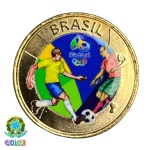 Colorida - Moeda 1 Real 2015 - Futebol - V-615 - Colorizada - Flor de Cunho. Moeda Original Flor de Cunho Colorida / Mintada artesanalmente por empresa privada.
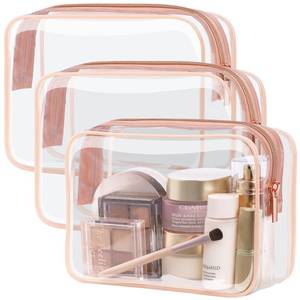 lot 4132 image: PACKISM Clear Makeup Bag - TSA Approved Toiletry Bag for Travel Size Toiletries, Travel Clear Toiletry Bag Quart Size Bag, Carry on Airport Airline Compliant Bag, Rose Pink(for age 12 or above)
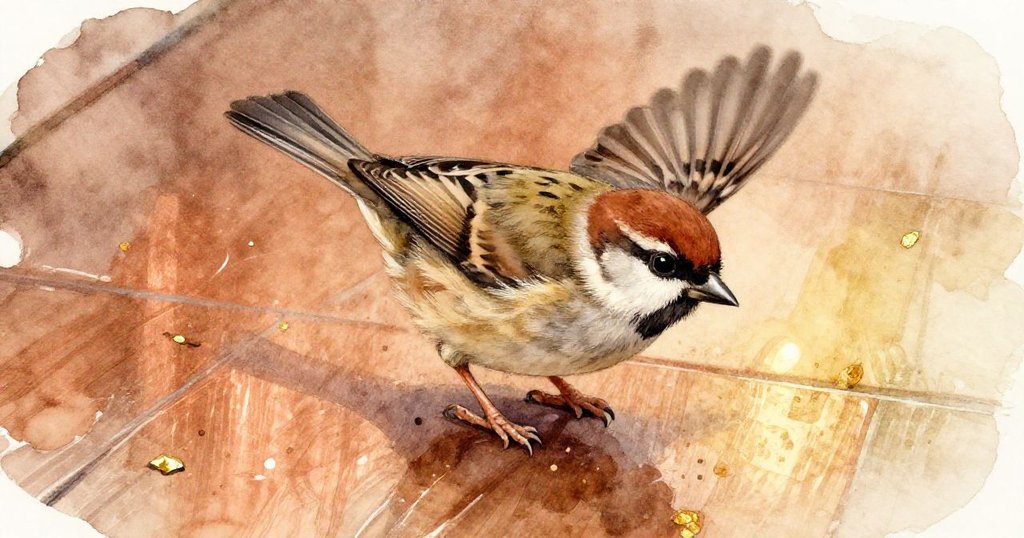 麻雀展翅急飛，掠過打蠟金屬地面，散落星光點點，細節精緻，充滿神秘與活力。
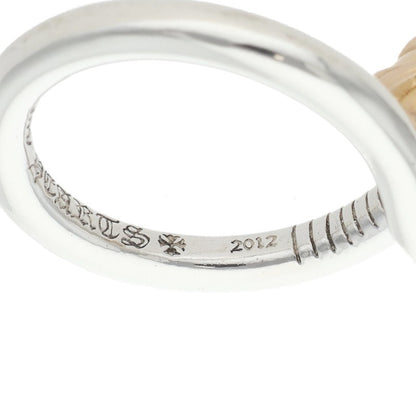 Chrome Hearts NAIL CRSBALL W GLD 22K Gold Ring Size JP 19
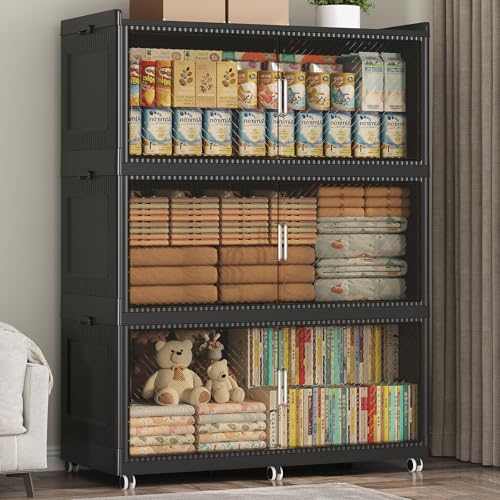 720QT Storage Bins with Lid Extra Large Stackable Closet Organizer Plastic Container Box, 240Gal 3-Tier Collapsible Cabinet with Wheels and Doors for Living Room Kitchen Office Dorm, Black - color: Black, size: 320QT-3Pack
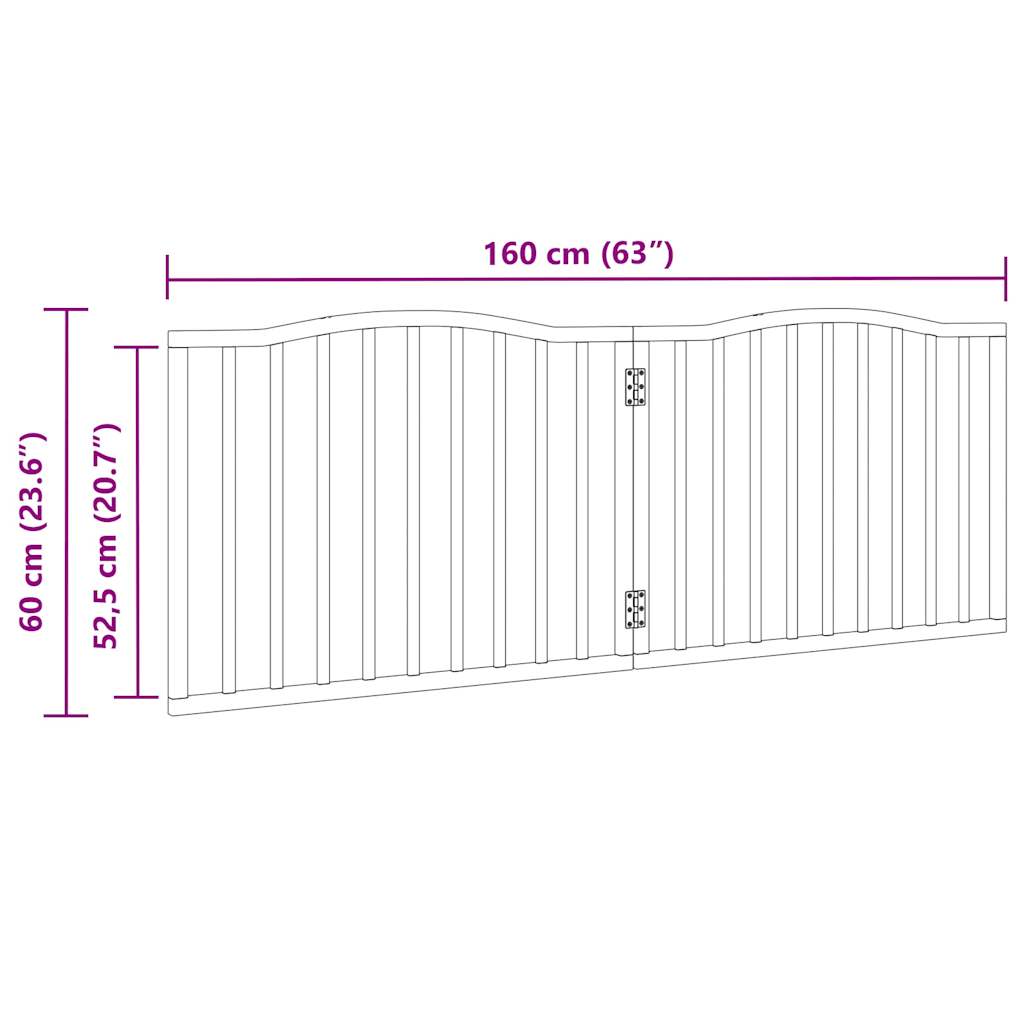 vidaXL Puerta para perros plegable 2 paneles madera de álamo 160 cm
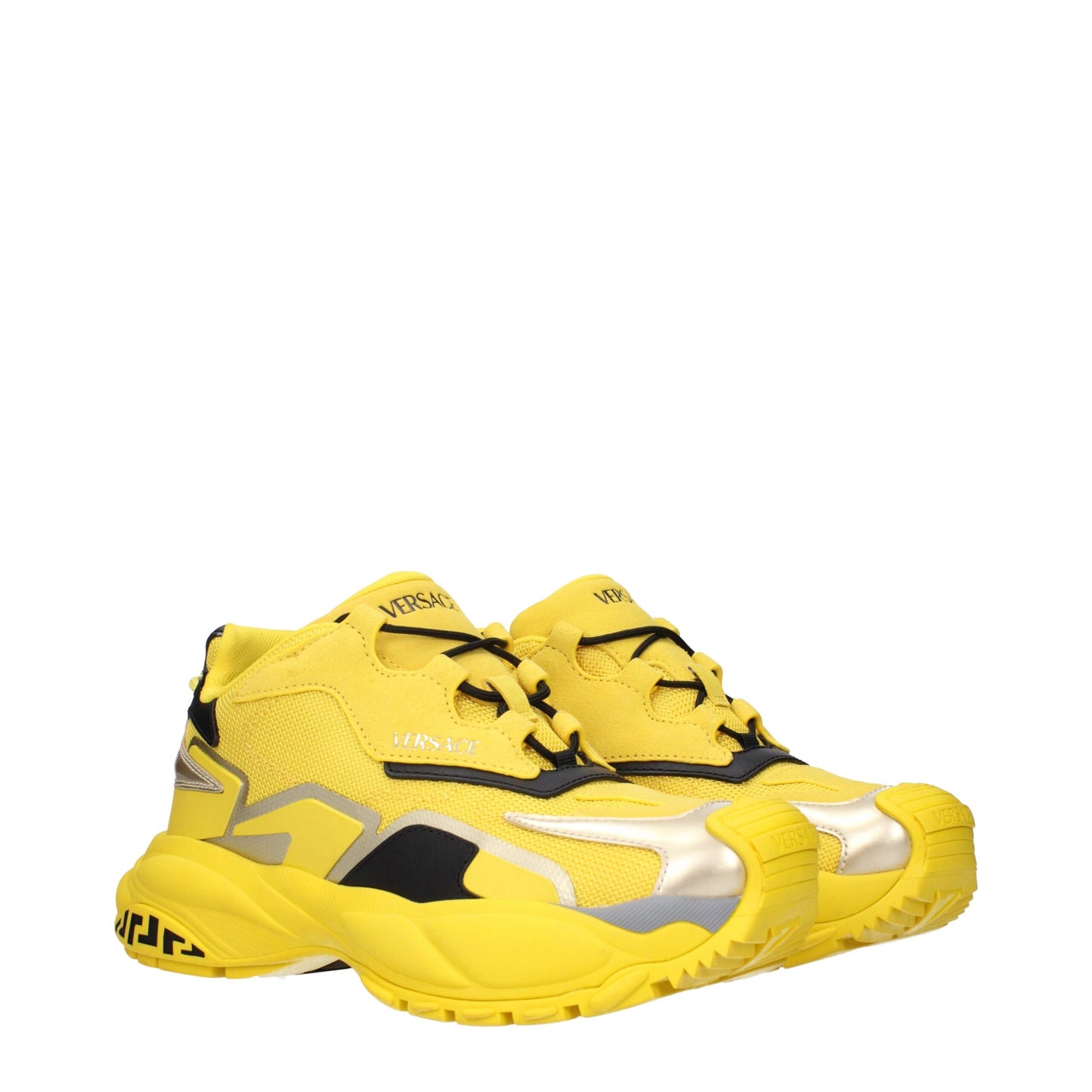 Versace Gelbe Sportliche Turnschuhe aus Stoff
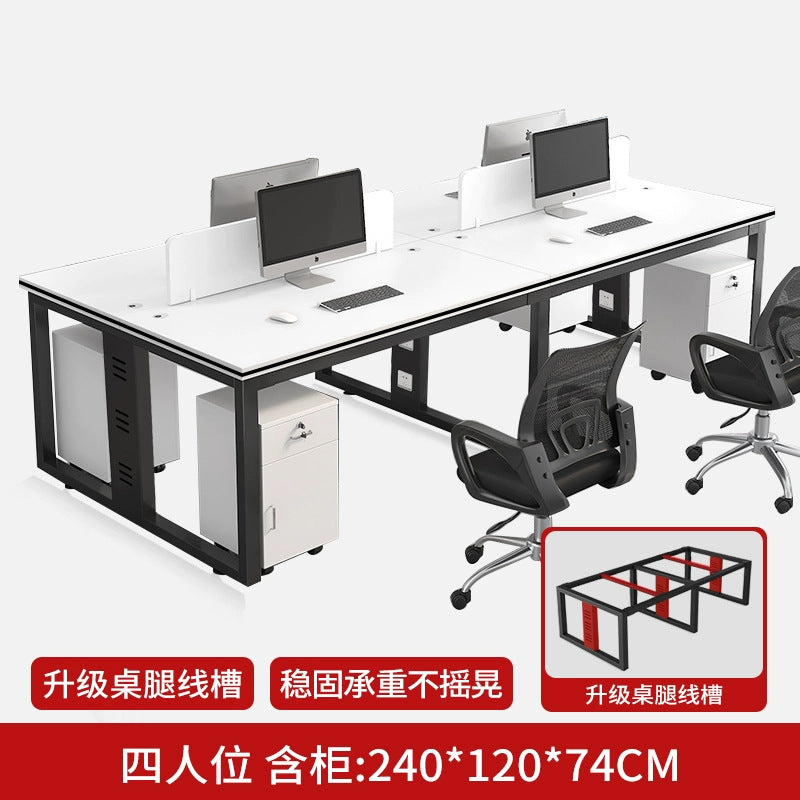 Office desk and chair set - 4, 6, or 8 seater workstation - cardboard office - minimalist modern office desk for employees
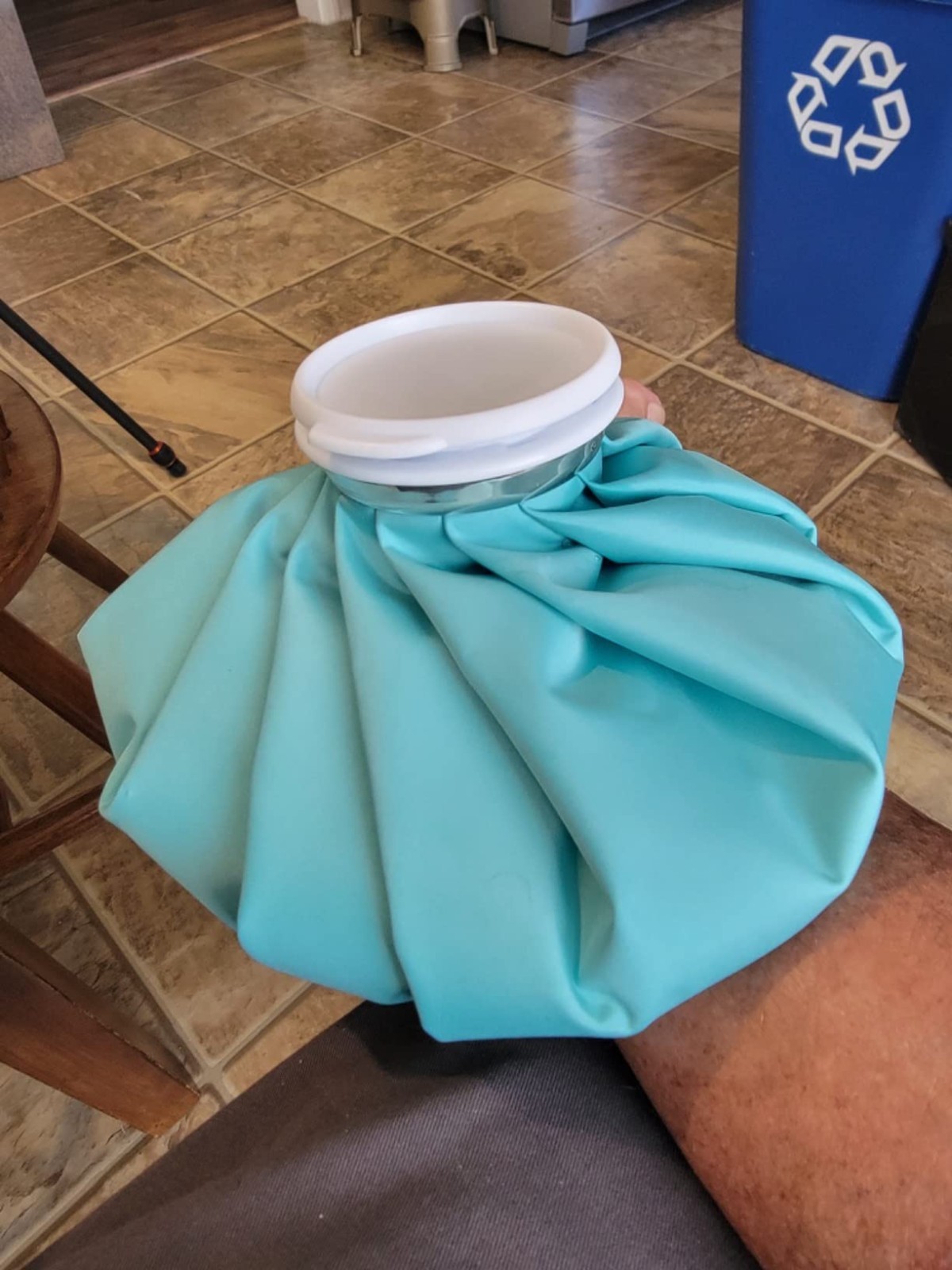 Large 11" Reusable Ice Bag, Hot/Cold Therapy, Pain Relief for Headaches, Blue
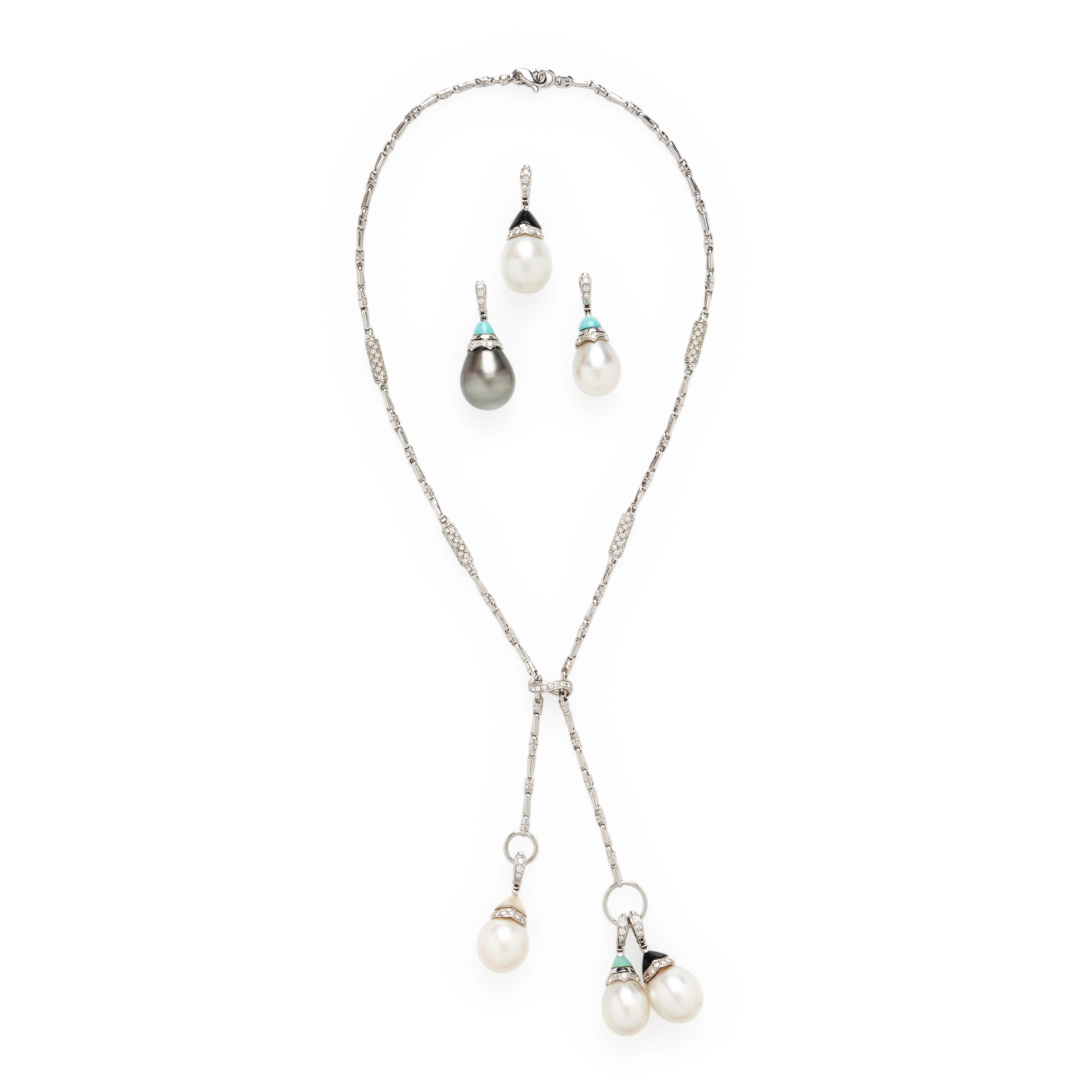 Lot 227 | Ellagem, White Gold and Diamond Lariat Necklace with Six Interchangeable Cultured Pearl Drops | Estimate $5,000 –6,000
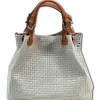 Florence Damen Handtasche Echtleder grau Flechtmuster OTF164K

*Task brief*
Repeat only what runs from the first line of the records above to the line with "麻雀展翅急飛，掠過打蠟金屬地面，散落星光點點，細節精緻，充滿神秘與活力。", both included, word for word, minus the pictures.

*Solution*
 Colorida - Moeda 1 Real 2015 - Futebol - V-615 - Colorizada - Flor de Cunho. Moeda Original Flor de Cunho Colorida / Mintada artesanalmente por empresa privada.
 lot 4132 image: PACKISM Clear Makeup Bag - TSA Approved Toiletry Bag for Travel Size Toiletries, Travel Clear Toiletry Bag Quart Size Bag, Carry on Airport Airline Compliant Bag, Rose Pink(for age 12 or above)
 麻雀展翅急飛，掠過打蠟金屬地面，散落星光點點，細節精緻，充滿神秘與活力。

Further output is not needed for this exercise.